Start of Block

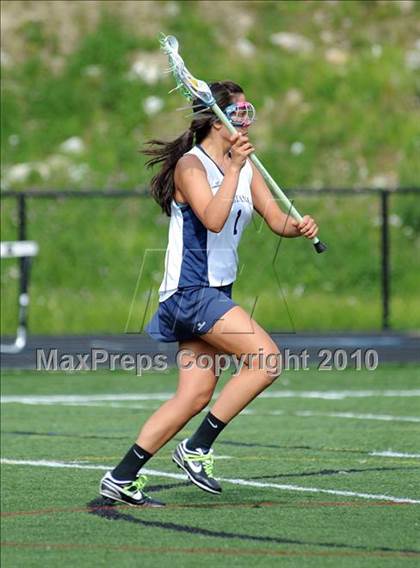 Thumbnail 1 in Pomperaug @ Immaculate (SWC Quarterfinal) photogallery.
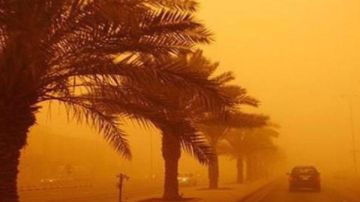 ارتفاع درجات الحرارة ورياح خماسينية على هذه المناطق.. الأرصاد تحذر فيديو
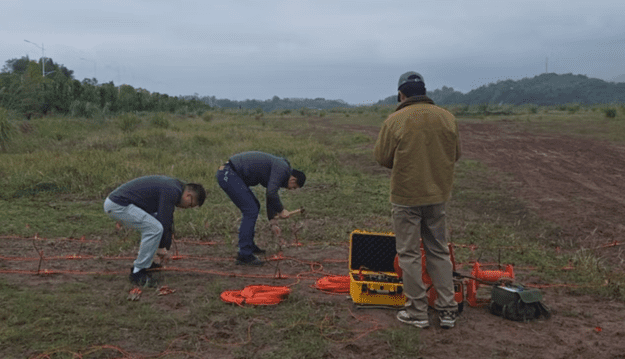 high-density electrical method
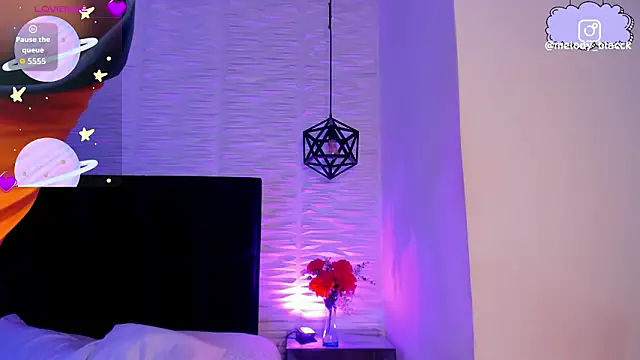 Melody Black  online show from 03.21.26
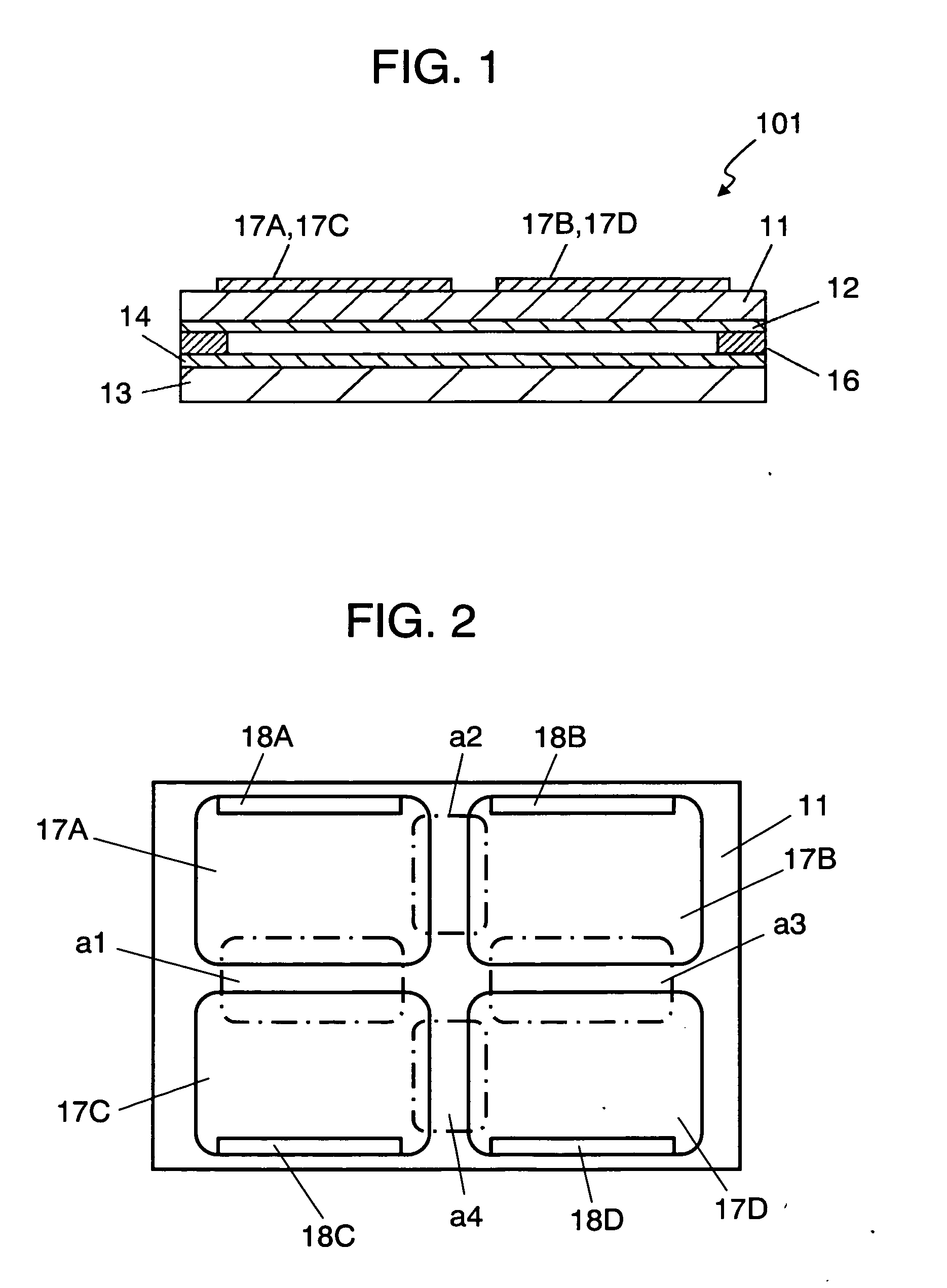 Light-transmitting touch panel and detection device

End of Block

> _Requirement_:
Repeat nothing but the lines from the one containing "high-density electrical method" through the end of the entries, exactly, and skip the pictures.

> _Answer section_:
 high-density electrical method
 Melody Black  online show from 03.21.26
 Light-transmitting touch panel and detection device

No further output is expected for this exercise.